Liquidity planning gets sharper
These assets are not daily-liquid. Institutions need to plan for timing risk. That means setting the right allocation size, matching it to the horizon, and stress testing payout delays. The good news is that institutions are already used to this kind of planning from private markets. Litigation assets fit into that discipline if you size them correctly.
The Risks That Still Need Respect
I am bullish on the role of litigation assets, but I am not blind to the risks.
- Timing risk. Courts move slowly. Appeals happen. Administrators get backed up.
- Legal uncertainty. Outcomes can change with jurisdiction and case facts.
- Operational risk. Claims verification and fraud detection require real systems.
- Reputation and ethics. Institutions will not stay involved if the market is seen as predatory.
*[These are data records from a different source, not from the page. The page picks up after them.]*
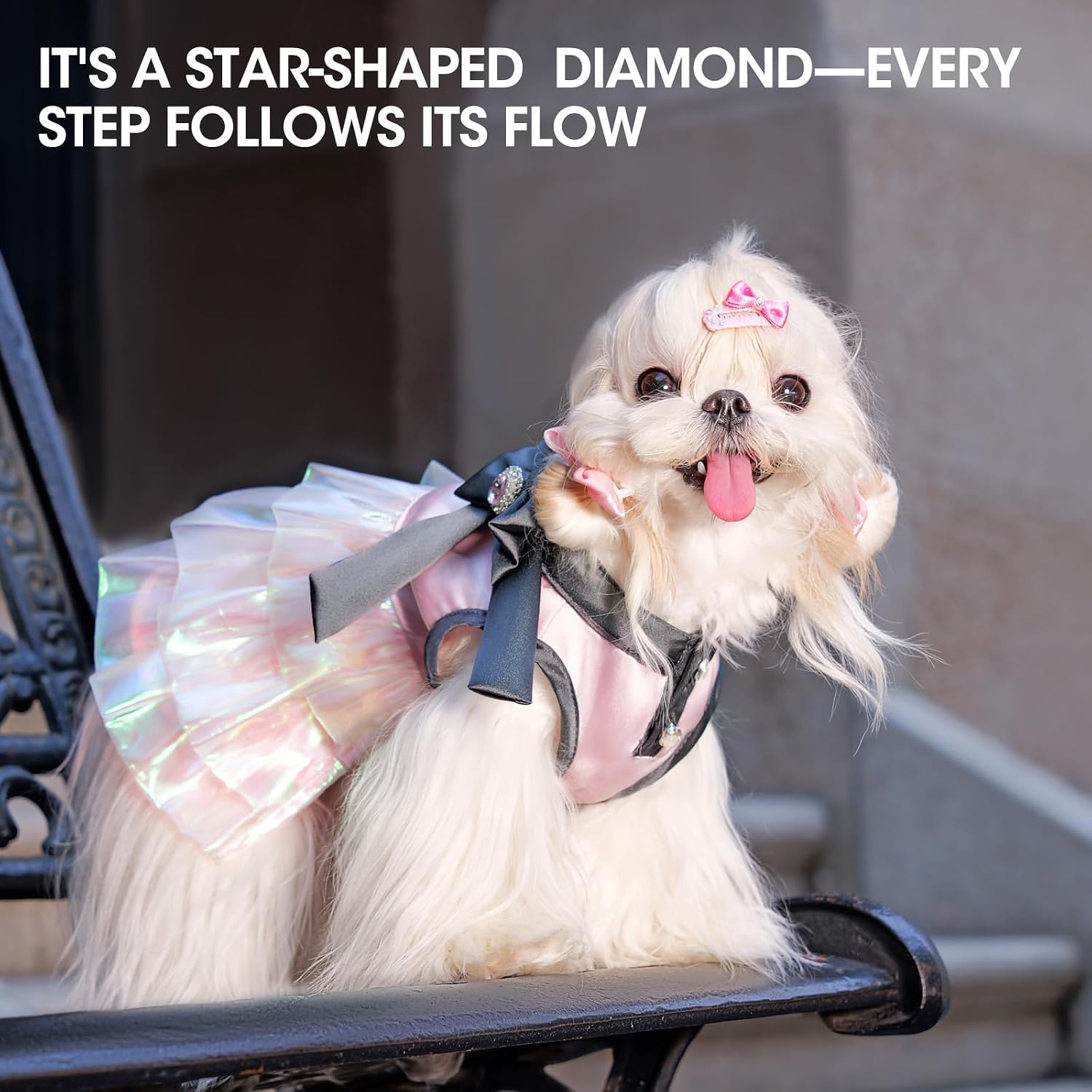 TOUCHDOG Pink Party Dress for Small Dogs Sparkling Tutu Dress with Glitter Strap, 3-Layer Tulle, Pink Diamond Bow Pet Formal Wear for Weddings Birthday Parties (Pink Dark Night Rose, Small)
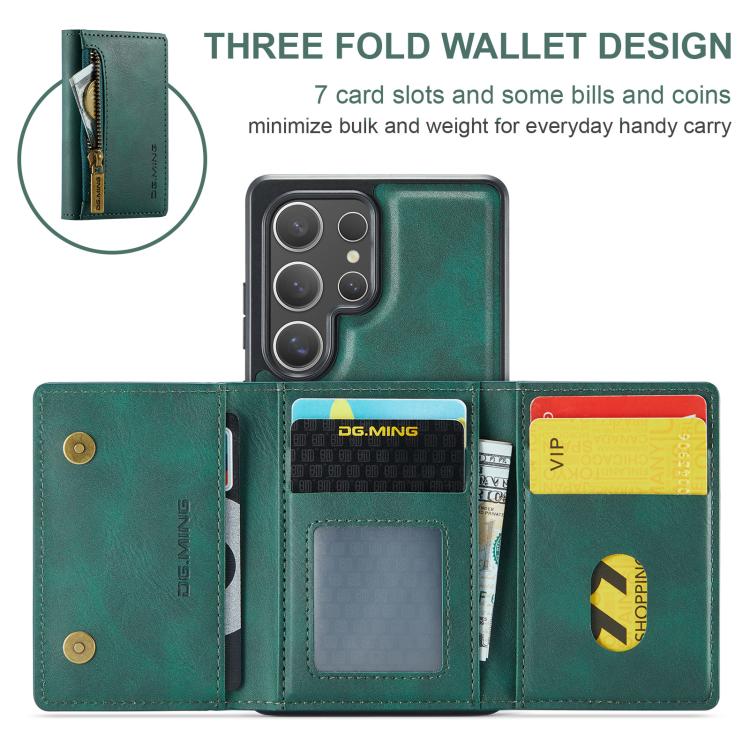 For Samsung Galaxy S25 Ultra 5G DG.MING M5 Series Zip RFID Multi Card Detachable Leather Phone Case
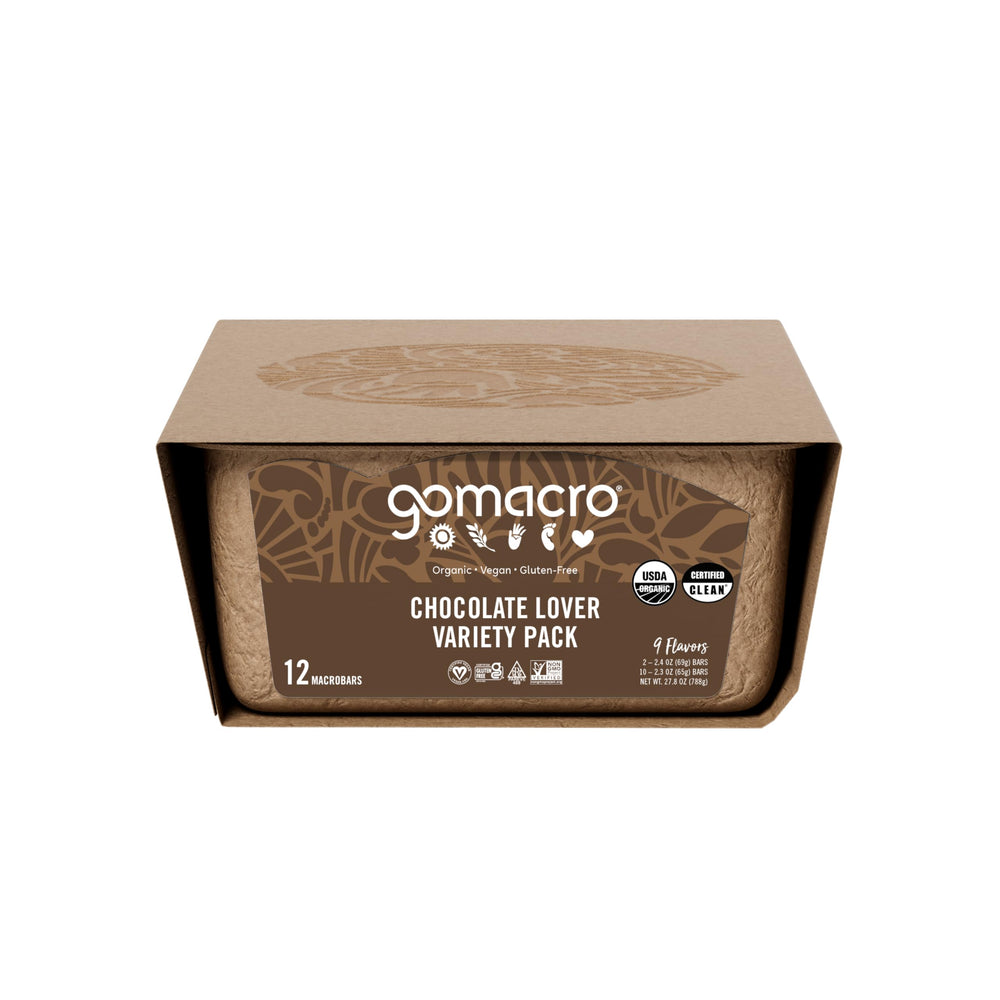 GoMacro etiqueta con certificaciones orgánico y vegano, confianza clara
None of these risks are deal-breakers, but they demand rigor. Institutions that approach this space casually will get burned. Institutions that approach it with discipline can build a meaningful edge.
Where I Think This Goes
I do not think litigation assets will replace the core of institutional portfolios. That is not their job. Their job is to be a reliable diversifier and a steady return source that does not move with the crowd.
Over time, I expect allocations to grow slowly and steadily, the way private credit grew. First it was niche. Then it became accepted. Then it became essential. Litigation assets are somewhere between niche and accepted today. As data improves and markets deepen, they will keep moving forward.
Follow The Trends
To me, the most interesting part of this trend is not the returns themselves. It is what the trend says about portfolios. Institutions are no longer satisfied with the same old sources of risk and reward. They are looking for assets that behave differently and that carry their own economic logic. Litigation-linked investments fit that need.
They are not glamorous, and they are not loud. They are practical. In a world of crowded trades and shrinking diversification, practical is exactly what institutions are paying for.